Reader, I by Corey Van Landingham Review by Erick Verran
Reader, I by Corey Van Landingham
Review by Erick Verran
Publisher: Sarabande Books
Publication Date: April 16, 2024
ISBN: 978-1-956046-25-0
Pages: 86
No Bird: A Review of Corey Van Landingham’s Reader, I
Except for long ribbons of short, crimped lines and page-wide couplets, the bulk of Corey Van Landingham’s Reader, I (titled by Robert Graves, you almost want to say) takes the form of epistolary prose paragraphs, some compacted out of traditional stanzas, with what, presumably, had been end rhymes crushed together like a John Chamberlain sculpture:
—– Dear, dear reader—please excuse my flickers of ire. I do admire his brain, the ease with which he speaks. I like when he compares my ass to a Man Ray, recites a passage straight from Proust. I just tend to quote, more often, Phoebe Buffay.
In direct address, Landingham struggles, like a Midwestern Jane Eyre, against the expectations of Shakespeare as much as patriarchal norms (“A mirror flashes back your blind spots. A man reveals worse: your possible selves. The you you might have been. See it fill his eyes”). In one poem, “Reader, I [swore I’d be a casual bride],” she asks our advice for her impending wedding ceremony as the text, with Freudian irrepressibility, continually lands on -ide words (snide, hide, Telluride, insecticide . . .). Recall that, for its time, the self-determination latent in “Reader, I married him”—that is, not “he married me” or “we married”—was radical, close to bragging. Jane, the eponymous hero of Charlotte Brontë’s Jane Eyre, maintains some say in her fate. Yet neither she nor Landingham set out to abolish any traditions: “It shouldn’t—I know—take a man, but [. . . t]here is an order he brings. Clean lines. Paired socks. No one should expect a marriage to save her. No one should assume she can open the jar herself.” Despite her earlier mention of an octopus squeezing itself into a glass jar on an aquarium’s live video feed (“flirt[ing] amorphous for the camera”), Landingham is talking about pickles.

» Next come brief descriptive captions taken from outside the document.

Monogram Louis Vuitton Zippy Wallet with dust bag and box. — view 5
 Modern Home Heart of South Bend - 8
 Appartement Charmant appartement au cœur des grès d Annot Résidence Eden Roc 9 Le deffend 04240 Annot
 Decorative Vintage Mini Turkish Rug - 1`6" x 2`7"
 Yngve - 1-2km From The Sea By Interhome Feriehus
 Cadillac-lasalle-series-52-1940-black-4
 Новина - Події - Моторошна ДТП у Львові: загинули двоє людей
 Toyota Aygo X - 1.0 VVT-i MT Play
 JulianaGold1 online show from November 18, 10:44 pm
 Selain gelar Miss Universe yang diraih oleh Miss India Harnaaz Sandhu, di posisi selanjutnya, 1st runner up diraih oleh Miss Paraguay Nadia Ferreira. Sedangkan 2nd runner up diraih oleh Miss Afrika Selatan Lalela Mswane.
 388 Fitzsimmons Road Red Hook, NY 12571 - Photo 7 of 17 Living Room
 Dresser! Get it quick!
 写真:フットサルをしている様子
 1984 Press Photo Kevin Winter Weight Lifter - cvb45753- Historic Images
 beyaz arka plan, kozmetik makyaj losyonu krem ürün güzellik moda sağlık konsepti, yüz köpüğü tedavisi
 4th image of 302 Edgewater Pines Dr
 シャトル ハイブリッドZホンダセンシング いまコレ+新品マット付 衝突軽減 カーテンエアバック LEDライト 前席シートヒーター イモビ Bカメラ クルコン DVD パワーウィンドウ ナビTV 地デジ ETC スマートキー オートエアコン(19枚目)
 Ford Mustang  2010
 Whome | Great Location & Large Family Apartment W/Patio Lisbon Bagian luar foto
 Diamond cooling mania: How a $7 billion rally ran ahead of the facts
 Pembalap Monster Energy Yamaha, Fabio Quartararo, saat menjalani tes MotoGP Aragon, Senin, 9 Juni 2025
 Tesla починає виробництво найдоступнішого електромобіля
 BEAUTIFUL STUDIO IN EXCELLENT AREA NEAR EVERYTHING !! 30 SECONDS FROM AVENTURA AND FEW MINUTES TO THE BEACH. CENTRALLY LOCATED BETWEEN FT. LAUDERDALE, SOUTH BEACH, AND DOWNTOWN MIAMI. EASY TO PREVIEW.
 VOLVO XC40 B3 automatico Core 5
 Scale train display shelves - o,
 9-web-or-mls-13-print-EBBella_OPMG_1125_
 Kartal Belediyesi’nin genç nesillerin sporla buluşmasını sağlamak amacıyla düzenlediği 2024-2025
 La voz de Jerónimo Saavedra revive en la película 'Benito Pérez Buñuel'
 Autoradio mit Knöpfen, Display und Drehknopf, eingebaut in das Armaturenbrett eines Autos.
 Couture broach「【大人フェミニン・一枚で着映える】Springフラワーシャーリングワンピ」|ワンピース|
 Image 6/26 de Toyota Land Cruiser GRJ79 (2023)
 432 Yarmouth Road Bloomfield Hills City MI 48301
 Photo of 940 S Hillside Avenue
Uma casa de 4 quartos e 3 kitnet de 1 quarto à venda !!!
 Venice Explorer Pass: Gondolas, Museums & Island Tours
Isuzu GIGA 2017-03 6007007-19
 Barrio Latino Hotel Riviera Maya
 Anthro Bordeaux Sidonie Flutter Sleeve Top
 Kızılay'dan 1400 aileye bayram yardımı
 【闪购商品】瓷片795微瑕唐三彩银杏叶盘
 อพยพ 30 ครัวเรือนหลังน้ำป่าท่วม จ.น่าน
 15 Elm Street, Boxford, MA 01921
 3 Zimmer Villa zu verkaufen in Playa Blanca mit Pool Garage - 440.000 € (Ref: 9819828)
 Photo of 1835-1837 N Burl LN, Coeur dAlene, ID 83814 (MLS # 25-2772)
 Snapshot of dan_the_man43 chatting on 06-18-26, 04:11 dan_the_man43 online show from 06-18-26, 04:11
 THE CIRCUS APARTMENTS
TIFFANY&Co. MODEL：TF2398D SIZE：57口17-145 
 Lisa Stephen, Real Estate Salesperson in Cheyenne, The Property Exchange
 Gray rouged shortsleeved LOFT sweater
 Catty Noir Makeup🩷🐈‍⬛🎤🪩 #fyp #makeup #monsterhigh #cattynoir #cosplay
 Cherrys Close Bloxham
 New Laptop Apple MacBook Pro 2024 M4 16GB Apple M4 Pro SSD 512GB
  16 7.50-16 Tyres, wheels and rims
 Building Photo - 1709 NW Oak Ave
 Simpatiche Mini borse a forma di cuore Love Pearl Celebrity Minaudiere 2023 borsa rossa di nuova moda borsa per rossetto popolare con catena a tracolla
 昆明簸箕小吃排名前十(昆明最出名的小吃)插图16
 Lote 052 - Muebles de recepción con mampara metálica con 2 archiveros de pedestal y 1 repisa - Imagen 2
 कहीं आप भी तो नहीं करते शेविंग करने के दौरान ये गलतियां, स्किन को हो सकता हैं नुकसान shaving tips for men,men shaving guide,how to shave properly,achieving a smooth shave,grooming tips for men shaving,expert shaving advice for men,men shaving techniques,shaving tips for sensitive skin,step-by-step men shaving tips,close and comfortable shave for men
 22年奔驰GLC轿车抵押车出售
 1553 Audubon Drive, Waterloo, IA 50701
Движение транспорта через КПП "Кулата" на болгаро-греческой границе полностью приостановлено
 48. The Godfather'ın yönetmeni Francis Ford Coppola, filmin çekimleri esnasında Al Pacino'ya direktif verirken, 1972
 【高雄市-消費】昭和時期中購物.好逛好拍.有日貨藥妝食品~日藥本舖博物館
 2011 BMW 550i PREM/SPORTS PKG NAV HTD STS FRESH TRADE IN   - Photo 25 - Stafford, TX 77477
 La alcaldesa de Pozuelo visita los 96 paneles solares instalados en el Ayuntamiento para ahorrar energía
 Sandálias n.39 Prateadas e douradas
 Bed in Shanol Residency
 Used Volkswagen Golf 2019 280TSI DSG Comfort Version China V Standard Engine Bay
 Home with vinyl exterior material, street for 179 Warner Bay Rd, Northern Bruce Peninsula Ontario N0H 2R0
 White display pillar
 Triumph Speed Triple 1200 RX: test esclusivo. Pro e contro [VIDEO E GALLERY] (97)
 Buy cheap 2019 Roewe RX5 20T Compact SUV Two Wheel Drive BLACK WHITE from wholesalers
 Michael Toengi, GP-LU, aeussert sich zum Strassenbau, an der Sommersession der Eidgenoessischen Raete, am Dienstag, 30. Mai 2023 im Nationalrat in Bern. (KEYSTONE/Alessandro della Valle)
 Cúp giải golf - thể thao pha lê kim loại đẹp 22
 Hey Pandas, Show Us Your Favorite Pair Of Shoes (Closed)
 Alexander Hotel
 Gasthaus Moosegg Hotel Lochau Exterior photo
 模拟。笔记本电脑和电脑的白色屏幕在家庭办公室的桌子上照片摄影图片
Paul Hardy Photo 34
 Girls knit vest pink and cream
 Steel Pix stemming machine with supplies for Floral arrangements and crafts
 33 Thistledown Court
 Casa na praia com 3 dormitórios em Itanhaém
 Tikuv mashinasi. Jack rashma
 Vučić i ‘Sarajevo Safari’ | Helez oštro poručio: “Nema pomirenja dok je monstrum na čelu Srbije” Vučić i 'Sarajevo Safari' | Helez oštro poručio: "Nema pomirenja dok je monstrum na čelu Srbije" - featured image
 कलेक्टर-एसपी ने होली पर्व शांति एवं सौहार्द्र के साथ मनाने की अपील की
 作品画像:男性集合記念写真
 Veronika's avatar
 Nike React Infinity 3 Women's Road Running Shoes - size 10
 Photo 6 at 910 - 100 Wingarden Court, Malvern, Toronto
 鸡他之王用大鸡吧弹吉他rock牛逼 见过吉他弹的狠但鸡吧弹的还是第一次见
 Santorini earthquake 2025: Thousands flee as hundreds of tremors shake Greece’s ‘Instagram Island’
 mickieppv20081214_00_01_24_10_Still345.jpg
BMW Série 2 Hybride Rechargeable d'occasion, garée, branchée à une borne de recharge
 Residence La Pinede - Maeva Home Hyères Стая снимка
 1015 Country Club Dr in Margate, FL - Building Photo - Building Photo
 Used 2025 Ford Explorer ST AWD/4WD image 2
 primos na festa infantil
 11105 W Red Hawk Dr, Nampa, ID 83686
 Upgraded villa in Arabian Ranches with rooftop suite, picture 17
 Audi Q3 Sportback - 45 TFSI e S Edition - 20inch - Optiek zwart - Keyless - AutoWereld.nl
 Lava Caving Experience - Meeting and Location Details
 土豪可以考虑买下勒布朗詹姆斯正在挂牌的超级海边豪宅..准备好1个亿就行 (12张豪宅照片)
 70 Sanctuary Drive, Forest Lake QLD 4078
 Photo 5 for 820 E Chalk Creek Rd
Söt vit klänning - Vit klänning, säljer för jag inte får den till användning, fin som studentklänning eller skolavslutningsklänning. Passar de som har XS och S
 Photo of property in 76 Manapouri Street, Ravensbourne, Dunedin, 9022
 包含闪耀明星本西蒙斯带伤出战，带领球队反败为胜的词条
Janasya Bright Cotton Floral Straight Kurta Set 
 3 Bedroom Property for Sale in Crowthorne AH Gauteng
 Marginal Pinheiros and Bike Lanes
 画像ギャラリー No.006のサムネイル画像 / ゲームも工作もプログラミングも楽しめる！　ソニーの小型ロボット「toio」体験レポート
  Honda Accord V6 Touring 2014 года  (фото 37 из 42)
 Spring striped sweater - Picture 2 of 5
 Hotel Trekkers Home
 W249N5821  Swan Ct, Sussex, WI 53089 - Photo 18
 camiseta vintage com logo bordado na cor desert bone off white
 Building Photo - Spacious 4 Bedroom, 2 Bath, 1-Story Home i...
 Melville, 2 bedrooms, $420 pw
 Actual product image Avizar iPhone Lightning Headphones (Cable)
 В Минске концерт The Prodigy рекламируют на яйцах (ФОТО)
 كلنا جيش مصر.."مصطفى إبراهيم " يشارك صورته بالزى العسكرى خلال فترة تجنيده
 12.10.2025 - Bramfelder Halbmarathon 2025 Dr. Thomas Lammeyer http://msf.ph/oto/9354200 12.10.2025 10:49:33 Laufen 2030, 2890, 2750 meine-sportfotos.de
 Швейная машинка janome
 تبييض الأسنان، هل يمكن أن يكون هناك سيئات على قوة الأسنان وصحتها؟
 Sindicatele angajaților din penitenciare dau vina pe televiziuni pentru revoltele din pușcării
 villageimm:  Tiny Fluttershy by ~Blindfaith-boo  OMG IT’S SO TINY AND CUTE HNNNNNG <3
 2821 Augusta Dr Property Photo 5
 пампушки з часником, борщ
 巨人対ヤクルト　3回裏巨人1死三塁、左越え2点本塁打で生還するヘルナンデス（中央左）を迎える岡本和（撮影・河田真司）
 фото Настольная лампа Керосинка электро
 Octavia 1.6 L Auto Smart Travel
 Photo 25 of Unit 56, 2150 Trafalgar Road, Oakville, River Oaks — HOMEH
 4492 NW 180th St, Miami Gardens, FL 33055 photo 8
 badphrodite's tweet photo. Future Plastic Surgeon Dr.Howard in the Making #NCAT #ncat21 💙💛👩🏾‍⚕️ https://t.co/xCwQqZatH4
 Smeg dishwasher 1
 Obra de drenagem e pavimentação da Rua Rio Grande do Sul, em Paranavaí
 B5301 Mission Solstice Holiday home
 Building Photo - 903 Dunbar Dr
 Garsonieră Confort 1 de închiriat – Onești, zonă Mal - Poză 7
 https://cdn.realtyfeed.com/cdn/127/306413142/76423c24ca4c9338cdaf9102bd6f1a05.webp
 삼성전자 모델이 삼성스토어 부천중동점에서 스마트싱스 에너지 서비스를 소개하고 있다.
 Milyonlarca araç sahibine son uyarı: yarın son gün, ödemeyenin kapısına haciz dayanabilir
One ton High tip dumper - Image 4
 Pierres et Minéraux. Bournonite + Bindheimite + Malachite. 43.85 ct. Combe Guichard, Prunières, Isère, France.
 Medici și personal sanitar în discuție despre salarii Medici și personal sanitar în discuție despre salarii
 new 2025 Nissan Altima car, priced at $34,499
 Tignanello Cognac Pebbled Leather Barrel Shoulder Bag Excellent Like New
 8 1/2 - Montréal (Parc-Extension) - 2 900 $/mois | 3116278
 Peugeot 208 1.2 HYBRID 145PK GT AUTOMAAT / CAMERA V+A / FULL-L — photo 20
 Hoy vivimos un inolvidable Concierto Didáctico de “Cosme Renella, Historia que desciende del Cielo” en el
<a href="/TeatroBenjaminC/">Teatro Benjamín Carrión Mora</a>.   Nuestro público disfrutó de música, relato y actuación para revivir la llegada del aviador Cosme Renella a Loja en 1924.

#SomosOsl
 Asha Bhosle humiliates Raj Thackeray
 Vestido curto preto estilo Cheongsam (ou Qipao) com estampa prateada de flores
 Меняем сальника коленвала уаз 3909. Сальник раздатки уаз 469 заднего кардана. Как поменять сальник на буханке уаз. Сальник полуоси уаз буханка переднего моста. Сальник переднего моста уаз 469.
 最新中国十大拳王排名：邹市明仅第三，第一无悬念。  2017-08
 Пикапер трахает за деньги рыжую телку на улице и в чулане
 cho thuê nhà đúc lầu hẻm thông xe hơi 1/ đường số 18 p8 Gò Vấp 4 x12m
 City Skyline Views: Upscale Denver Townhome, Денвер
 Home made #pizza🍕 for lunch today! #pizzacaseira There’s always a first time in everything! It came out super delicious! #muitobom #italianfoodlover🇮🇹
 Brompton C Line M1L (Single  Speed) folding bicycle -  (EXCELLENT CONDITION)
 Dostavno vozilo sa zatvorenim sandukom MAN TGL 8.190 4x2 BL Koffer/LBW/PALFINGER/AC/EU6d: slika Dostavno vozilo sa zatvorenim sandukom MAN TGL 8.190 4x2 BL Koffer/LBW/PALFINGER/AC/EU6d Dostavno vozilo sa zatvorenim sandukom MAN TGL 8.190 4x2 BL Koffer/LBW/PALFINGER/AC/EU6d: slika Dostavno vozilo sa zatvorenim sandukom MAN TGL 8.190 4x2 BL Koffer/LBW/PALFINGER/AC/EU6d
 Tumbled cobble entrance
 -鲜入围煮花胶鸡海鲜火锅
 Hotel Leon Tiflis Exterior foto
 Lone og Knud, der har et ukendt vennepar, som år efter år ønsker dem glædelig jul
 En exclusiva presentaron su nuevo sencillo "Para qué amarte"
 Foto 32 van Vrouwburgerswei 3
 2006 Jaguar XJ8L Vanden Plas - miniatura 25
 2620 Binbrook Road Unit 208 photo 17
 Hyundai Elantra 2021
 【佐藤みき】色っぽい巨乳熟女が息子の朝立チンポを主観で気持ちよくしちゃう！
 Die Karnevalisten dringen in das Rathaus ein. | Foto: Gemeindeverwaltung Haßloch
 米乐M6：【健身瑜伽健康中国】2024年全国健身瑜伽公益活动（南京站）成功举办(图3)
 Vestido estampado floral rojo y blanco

While the poet’s husband contents himself with de-leafing their gutters or straightening a picture frame, his wife, newly wed, fears succumbing to a state of decorative complacency. So Landingham writes of “how easily I turned plinth and pedestal. Bovine,” which encompasses both statuesque bourgeois and the cow-eyed postcoital rejoicing of Emma Bovary. Regrettably, about once per poem Landingham cannot help taking a detour (“Shall I bleach my asshole?” “Let the neighbors watch // our weekday reverse cowgirl”) that truly isn’t worth the departure. If these attempts at provocation give the reader’s attention a pinch, they are never crass enough to actually shock. Titillation shouldn’t risk being uninteresting. This is forgivable, as far as quibbles go, except the ambivalence of Landingham’s project also makes her something of a shapeshifter. Here she resembles Basil Bunting (“Vetch hasped against the chain-link fence”), there Ted Hughes, with his instinct for the raw particularity of nature (“Night-small creatures ran up and down the trunk, so close I could feel the protein in their claws”), even the erotic quietude of Richie Hofmann (“We wrote each other letters. Quoted Milton. That cavalier. Discarded our separate tragedies for one”). Which isn’t to say that Landingham’s poetry is unconsciously masculine, stylistic ballast to the book’s societal preoccupations. Perhaps she is cognizant of the fact.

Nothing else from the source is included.